工事期間の数か月は家に住めなくなるので一大事!家具などを他の部屋に移して、住みながら行われる場合もありますが、それはそれで大変なようです。例えばその間はシャワーが使えなくなったり、工事中の隣の部屋に住んだりすることになるのです。パイプラインリノベーションはとても大事なので、賃貸や売買などの住宅情報には必ず時期が記載されています。
私は、今の1930年代建築の賃貸マンションに住んで約7年になりますが、とうとうパイプラインリノベーションが近づいてきてしまいました。もちろん契約時には説明があったのですが、まさか7年も住むとは思っていなくて…。
大家さんからは3か月ほど他の場所に引っ越して、家賃は上げないからまた戻ってきてほしいと言われました。通常はリノベーションのあとは家賃が上がるそうなのです。でも短期間に2度の引っ越しは大変すぎる…ということで、この機会に新しい場所へ引っ越すことを決めました。
さてフィンランドの引っ越し事情ですが、一般的には業者さんには頼まず、自分たちでトラックを借りて、友人や家族・親戚に声をかけて一緒に行うケースが多いです。
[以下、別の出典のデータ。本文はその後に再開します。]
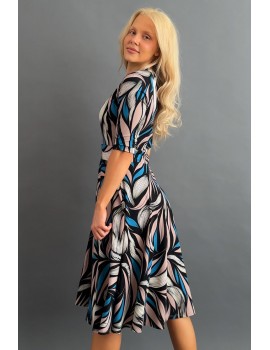 ELINE Mintás Ruha - Kék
私は引っ越し先が徒歩10分の距離だったので、小さなものは友人と運び、大きな家具のみ業者さんに依頼しました。
これは引っ越し用の箱です。必要な数をレンタルできます。この箱がとてもうまくできていて、180度回転させればスタッキングできます。なんて賢い!引っ越し前後の何日間借りたいかも、自分のペースで決められます。自分で段ボールを集めたり、捨てたりという手間もなくて便利。
数週間後、友だちが引っ越し祝いを持って遊びに来てくれました。ライ麦パンと塩が、フィンランドの引っ越し祝いの定番だそう。「これで食べ物に困らない」という意味らしいです。
何もかもはじめての体験で大変でしたが、部屋探しや家具の配置、インテリアなど、職業柄楽しみながらのんびりやっています。新居は1950年代のマンション。パイプリノベーションが3年ほど前に終わったばかりなので、当分安心です。